DRCC anniversary - Lack of confidence in legal system

While the philosophy expounded by a senior judge that offenders should pay victims of rape and other crimes compensation would be generally endorsed, it is a concept basically defective in regard to rape.

DRCC anniversary - Lack of confidence in legal system

Undoubtedly, Justice Maureen Harding Clarke's remarks were prompted entirely out of consideration for victims when she addressed a conference organised yesterday to mark the 25th anniversary of the Dublin Rape Crisis Centre (DRCC).

But for compensation to arise, there must first of all be a successful prosecution and currently in this country such an outcome is very difficult.

It is difficult for the simple reason that women who are victims of this crime are reluctant to report the offence because they have no confidence that in our criminal justice system a conviction will ensue.

It is the experience of the DRCC that most of their clients regard the court process as being "at least as traumatic as the offence" and conference chairman Breda Allen said the legal system needed to be radically changed.

Because of this, only one-third of sexual abuse or assault victims lodge complaints.

The number of calls the centre handles annually mirrors the extent of the problem to which rape gives rise.

Their helpline received a total of almost 11,000 calls last year, almost one-fifth of them from people aged 17 and under.
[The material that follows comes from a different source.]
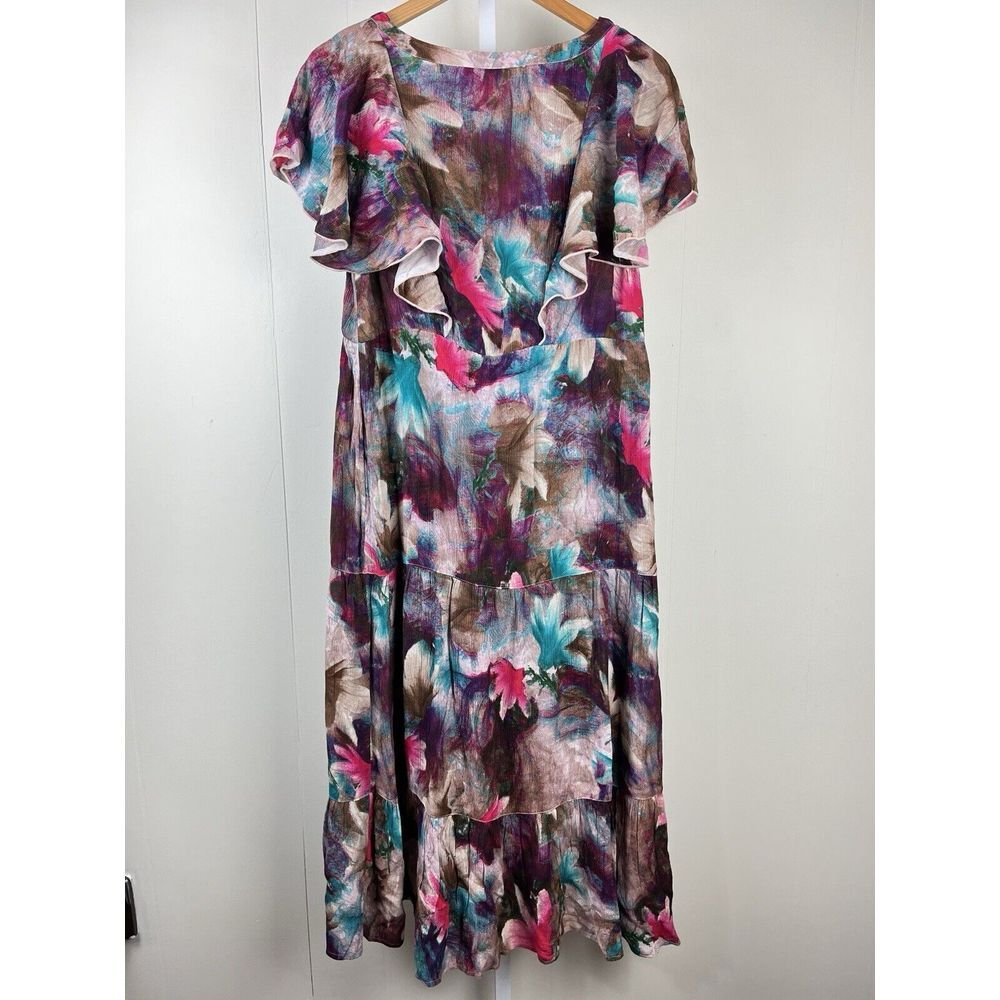 Soft Surroundings Italian Dreams Maxi Dress Multicolor Ruffled Crepe Womens PM - Picture 5 of 6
Of those calls, almost 5,000 were from people who had been raped at some stage in the previous 12 months.

Over two years ago a report found that Ireland had one of the highest attrition rates in Europe referring to the number and proportion of cases that drop out of the system without a prosecution and one of the lowest conviction rates.

Given that 95% of rape cases do not result in a conviction, according to the Rape Crisis Network of Ireland (RCNI), it is hardly surprising that victims have little or no faith in the criminal justice system here.

Obviously, there is a correlation between the two which is very worrying for a number of reasons, one of them being that so many victims of this appalling crime believe that justice is out of reach in this country.

The implication is that undetected perpetrators of so brutal a crime remain at large to continue to prey on women at will.

Consequently, for as long as it is perceived that rape is a violation without inevitable repercussions for the attacker, so long will it remain a constant peril to women.

Figures from the Court Service show that the number of rape and aggravated sexual assault cases brought to trial at the Central Criminal Court has fallen by a worrying 70% in the course of the last six years.

Last year, the court heard a mere 37 cases, while there were 130 in 1999.

Far from indicating a decrease in this area of crime, it reflects the lack of confidence by women who have suffered such trauma that any result will flow from reporting it.

The work of the DRCC is further complicated because of the increase in the number of calls from refugees and migrants who had been raped or sexually abused in their home countries or since coming here.